I get an answer that is unsatisfactory in two ways. First, I have to replace $\chi_i$ by a positive multiple $\chi$, and I cannot yet identify the multiplier. (It seems likely that, if $\chi$ is a non-trivial multiple $N\chi_i$ of $\chi_i$, then a function $F$ on $B w_0 B$ with weight $(-w_0\chi_i, \chi_i)$ such that $F(n_0)^N$ equals $f(n_0)$ extends to $G$; but I do not yet see for sure why this is so.) Second, I get that the weight is $(-w_0\chi, \chi)$, not $(\chi, -w_0\chi)$. Probably, I am just messing up something in the normalisation.

Let $\omega$ be the weight of $f$ for $B \times B$, and put $\chi = \omega(1, \cdot)$. Evaluation at $n_0$ shows that $\omega = (-w_0\chi, \chi)$, so it suffices to show that $\chi$ is a positive multiple of $\chi_i$.

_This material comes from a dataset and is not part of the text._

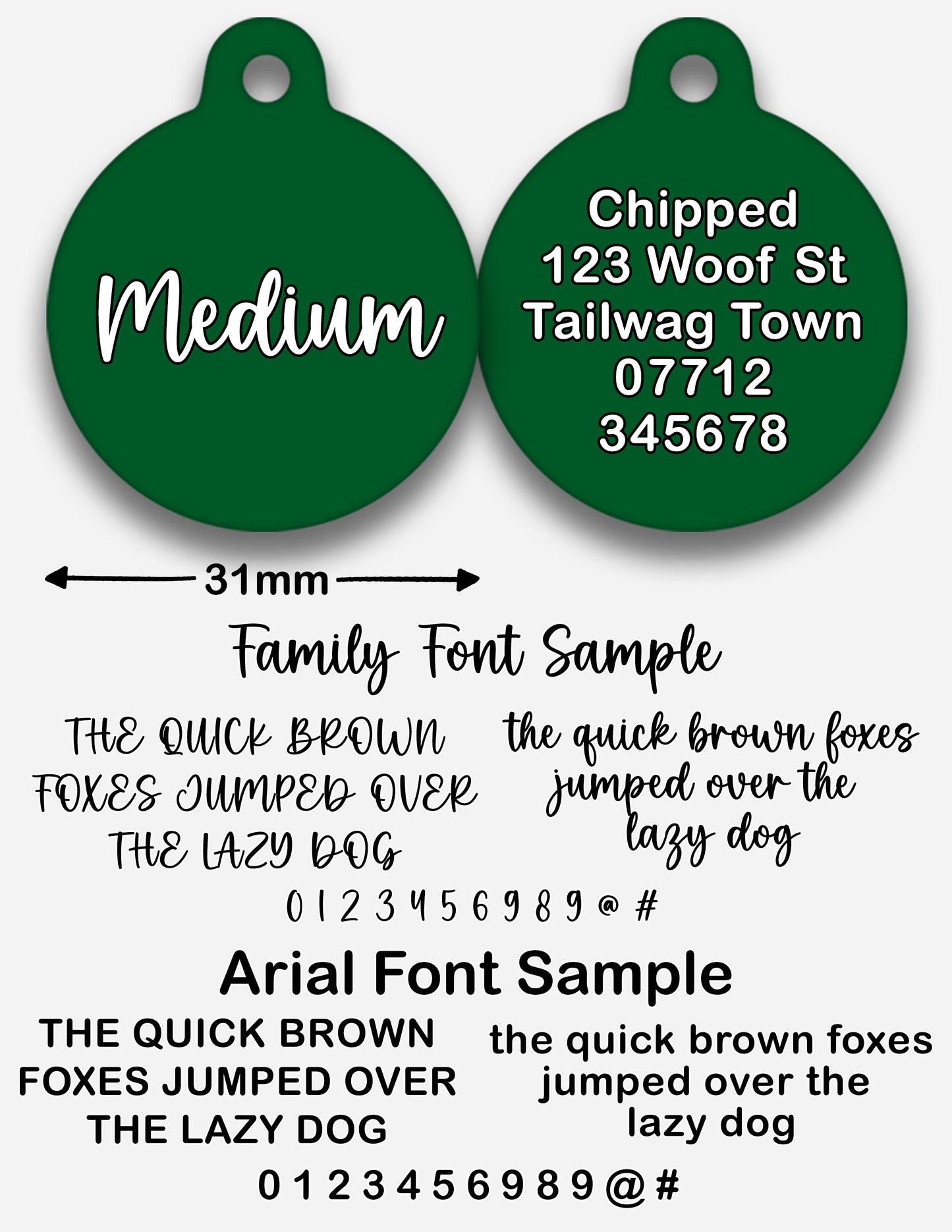 Pine - Pet ID Tag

For each $j$, write $U_j$ for the root group associated to $\alpha_j$. Computing in $\SL_2$ shows that there are a representative $n_j$ in $N_G(T)(k)$ of $s_j$, and functions $u_\ell, u_r : \GL_1 \to U_j$, such that $\lim_{t \to 0} u_\ell(t)n_j\alpha_j^\vee(t)u_r(t) = 1$.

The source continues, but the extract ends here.